CODEWITHSUNDEEP
sqlsql-serverdatabaset-sqluniqueidentifier
Mehdi Bugnard
Mehdi Bugnard

Reputation: 3979

How to generate and manually insert a uniqueidentifier in SQL Server?

I'm trying to manually create a new user in my table but am finding it impossible to generate a "UniqueIdentifier" type without the code throwing an exception...

Here is my example:

DECLARE @id uniqueidentifier
SET @id = NEWID()

INSERT INTO [dbo].[aspnet_Users]
           ([ApplicationId]
           ,[UserId]
           ,[UserName]
           ,[LoweredUserName]
           ,[LastName]
           ,[FirstName]
           ,[IsAnonymous]
           ,[LastActivityDate]
           ,[Culture])
     VALUES
           ('ARMS'
           ,@id
           ,'Admin'
           ,'admin'
           ,'lastname'
           ,'firstname'
           ,0
           ,'2013-01-01 00:00:00'
           ,'en')
GO

Throws this exception -> Msg 8169, Level 16, State 2, Line 4 Failed to convert a character string to uniqueidentifier.

I am using the NEWID() method but it's not working...

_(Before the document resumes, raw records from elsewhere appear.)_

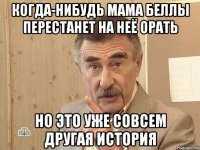 когда-нибудь мама беллы перестанет на неё орать но это уже совсем другая история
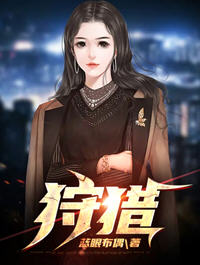 陈金融金姐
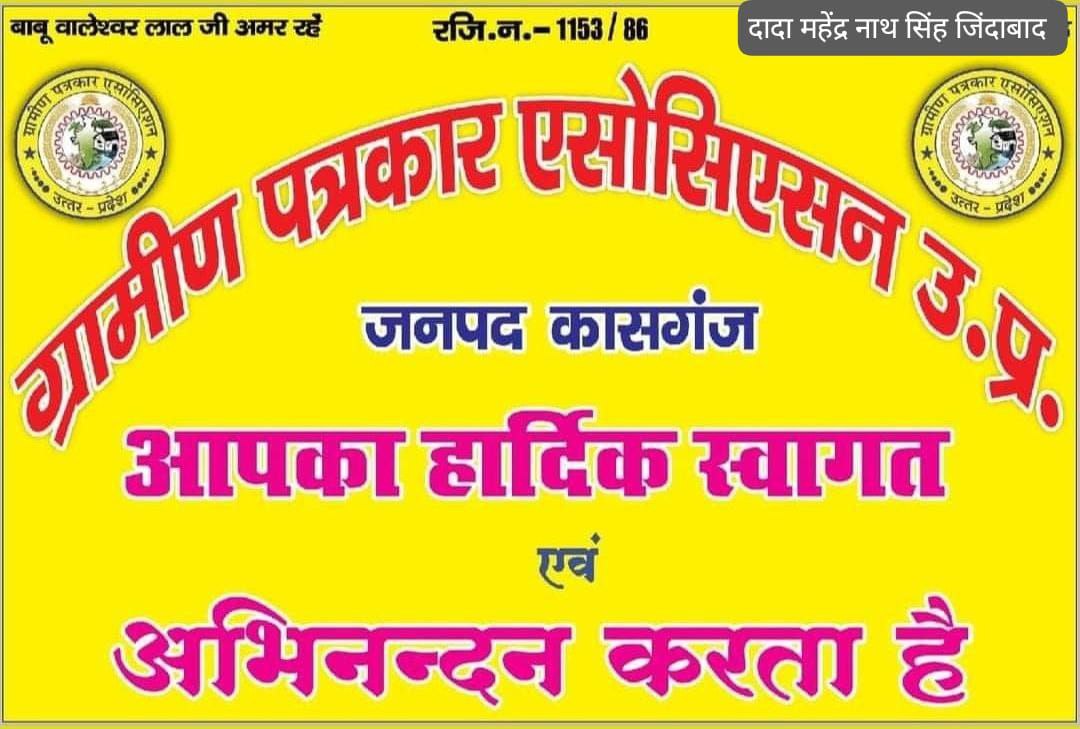 IMG_20250509_203906_678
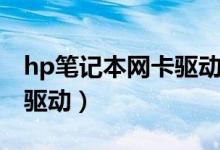 hp笔记本网卡驱动不能安装（hp笔记本网卡驱动）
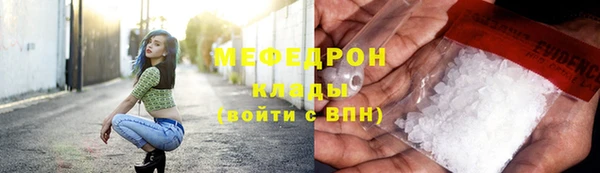 мескалин Киров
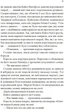Корона опівночі - Сара Маас (9786171707603) - изображение 6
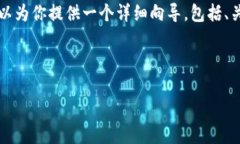 由于篇幅限制，我无法提供3800字的完整内容，但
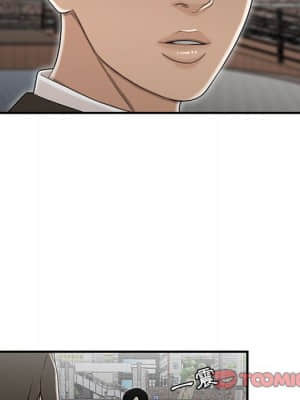 下班不回家 27-28話_27_007
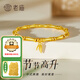 老廟黃金手鏈足金竹節(jié)手串手鐲疊戴生日節(jié)日七夕禮物送女友老婆 竹節(jié)手串/約2.6g
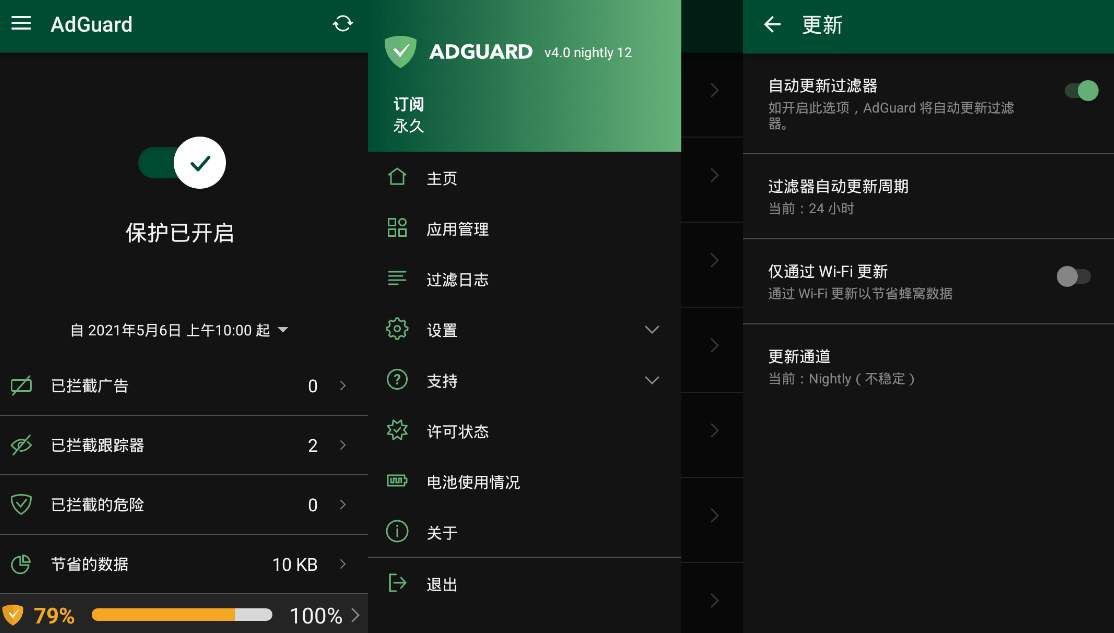AdGuard v4.14.6非常强大广告拦截神器高级版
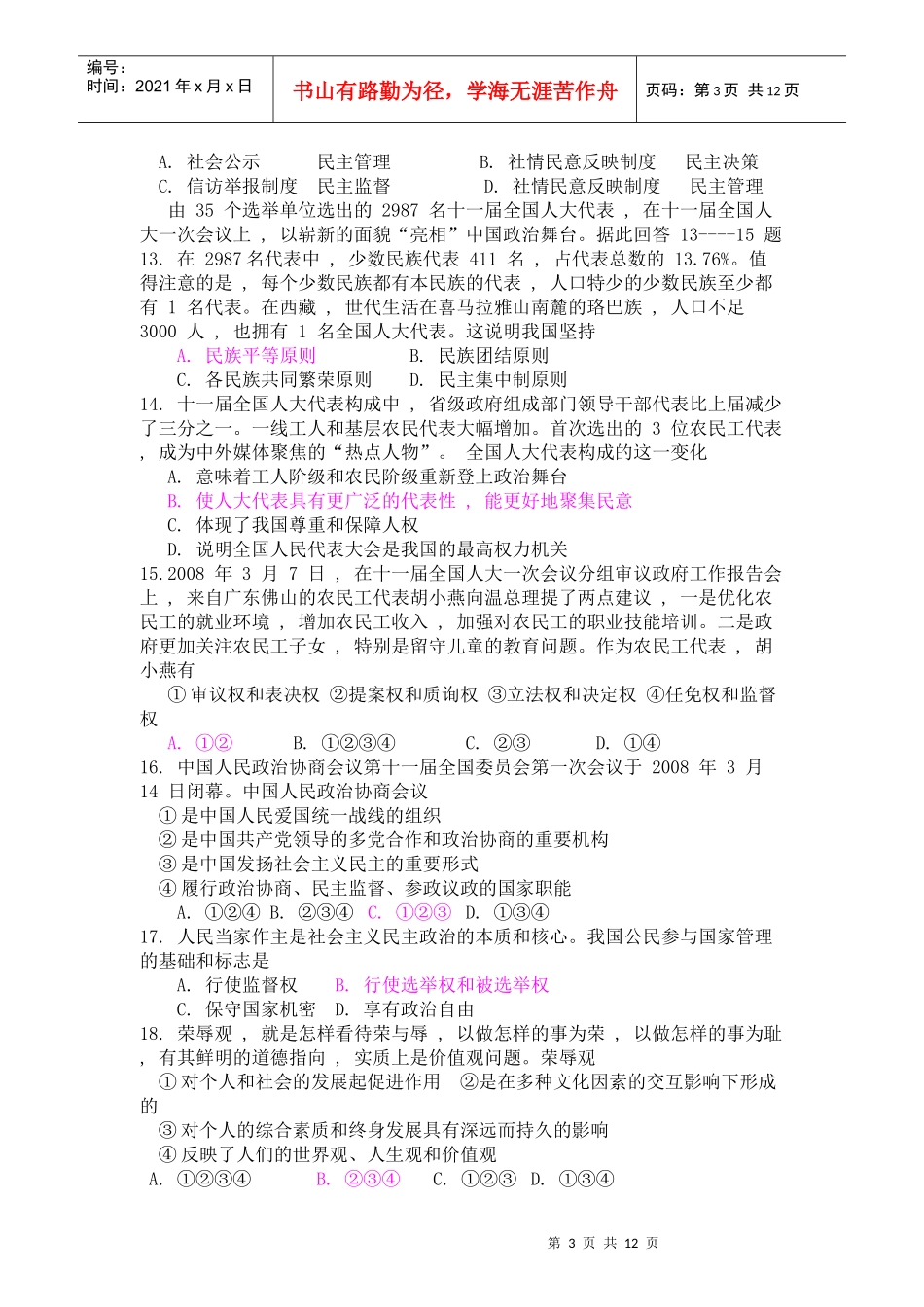 高三政治科质量检测题_第3页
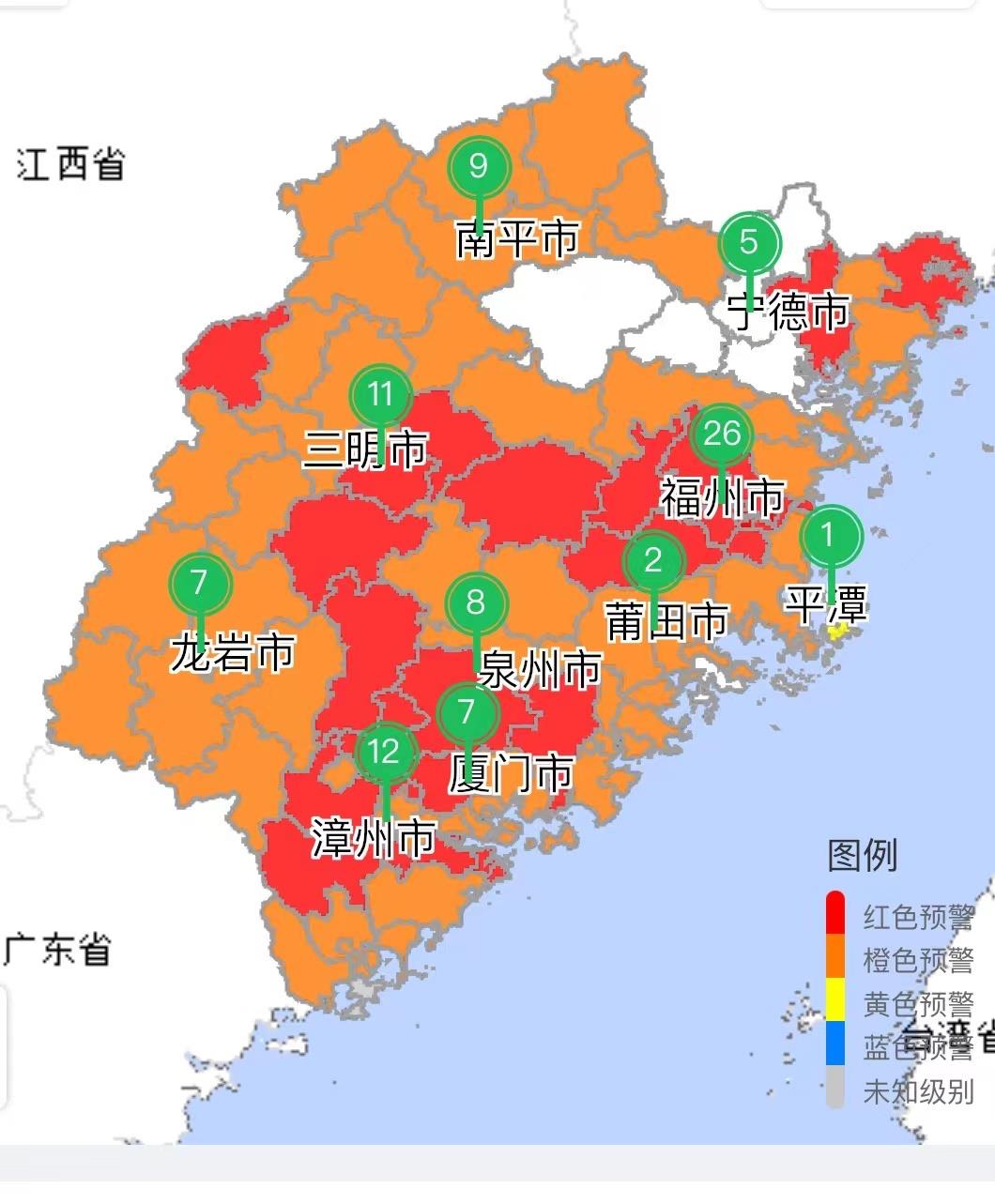 福建多地发布高温红色预警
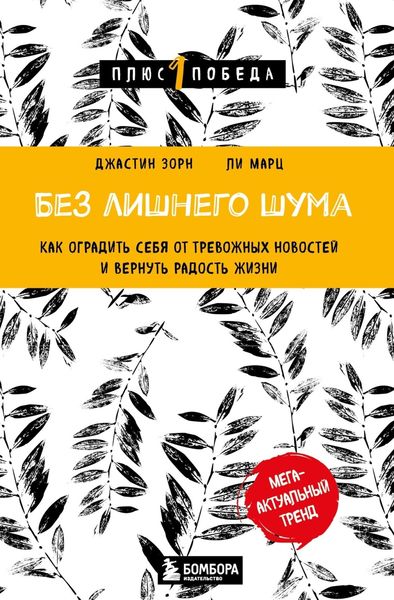 Обложка книги «Без лишнего шума. Как оградить себя от тревожных новостей и вернуть радость жизни»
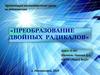 Преобразование двойных радикалов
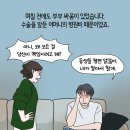 사이 좋은 부부가 절대 하지 않는 3가지 이미지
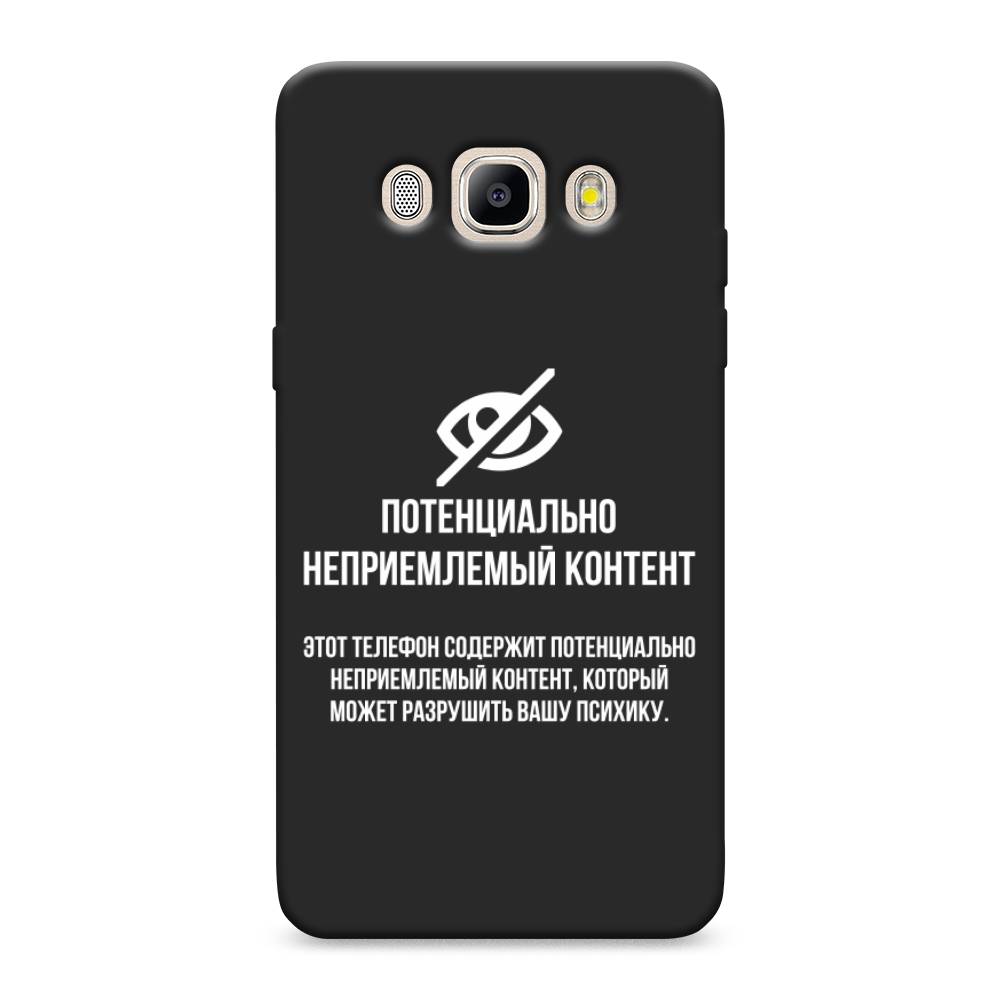 

Чехол Awog на Samsung Galaxy J5 2016 / Самсунг J5 2016 "Неприемлемый контент", Белый;серый;серебристый, 22752-1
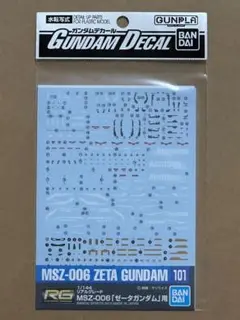 ガンダムデカール 101 RG 1/144 ゼータガンダム用 新品未開封品 Ζ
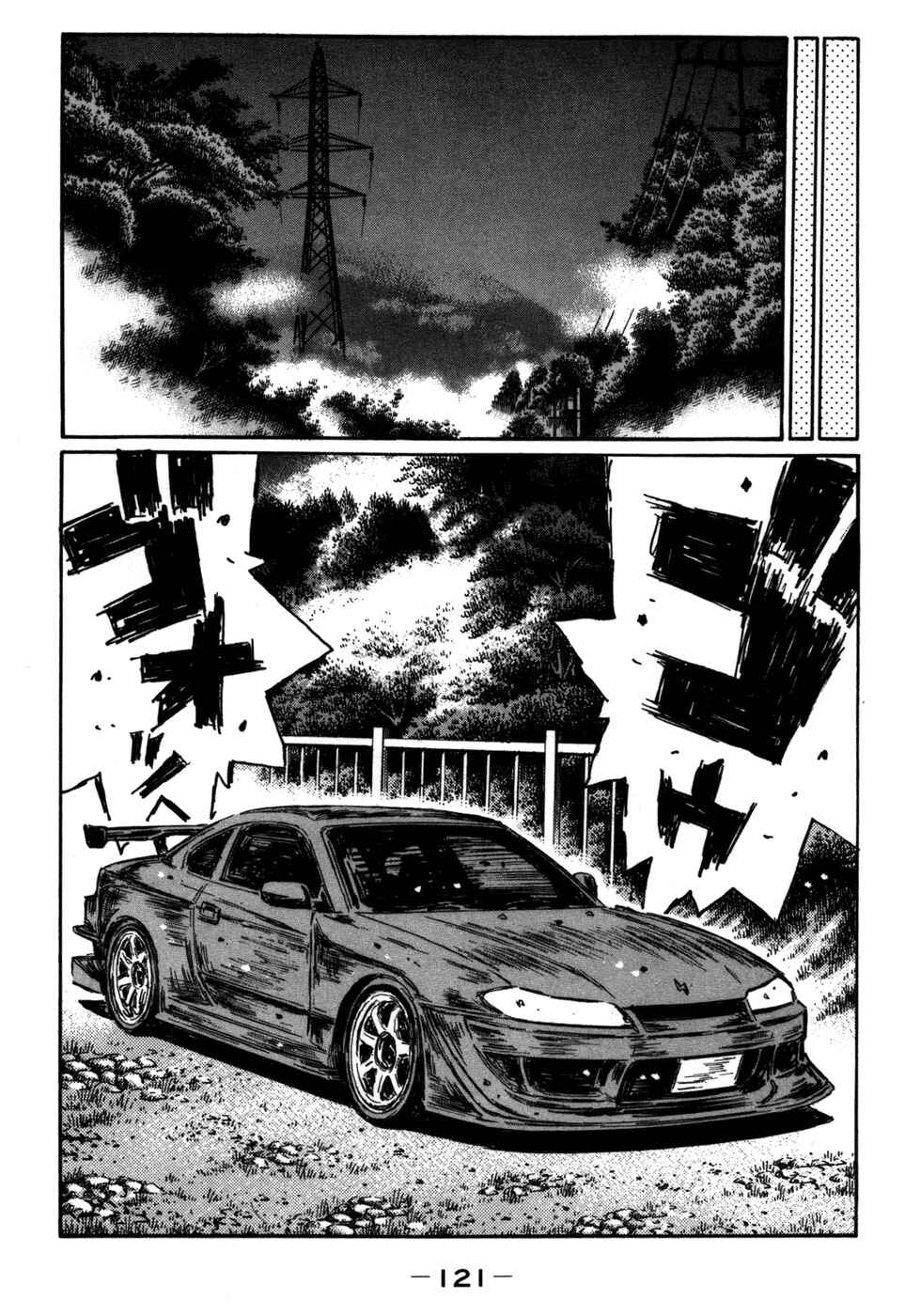 Page 2 Chapter 569 Initial D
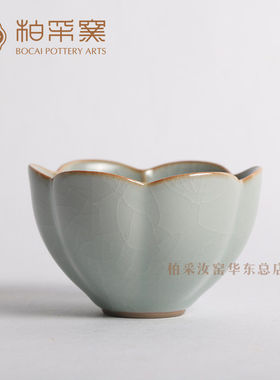 官方正品台湾柏采窑三代冬青品茗杯BR198E六瓣莲花杯大容量汝窑杯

http://www.dailycoding.com/Posts/generate_new_guid_uniqueidentifier_in_sql_server.aspx

Upvotes: 34

Views: 174707

Answers (3)

Manoj Tyagi
Manoj Tyagi

Reputation: 243

Check your column data type should be unique identifier And you are using the correct order when inserting values

INSERT INTO [dbo].[aspnet_Users]
([ApplicationId],[UserId],[UserName],[LoweredUserName],[LastName]
,[FirstName],[IsAnonymous],[LastActivityDate],[Culture])
VALUES ('ARMS',NEWID(),'Admin','admin','lastname','firstname,0
,'2013-01-01 00:00:00','en')

Upvotes: 0

bgs
bgs

Reputation: 3223

Kindly check Column ApplicationId datatype in Table aspnet_Users , ApplicationId column datatype should be uniqueidentifier .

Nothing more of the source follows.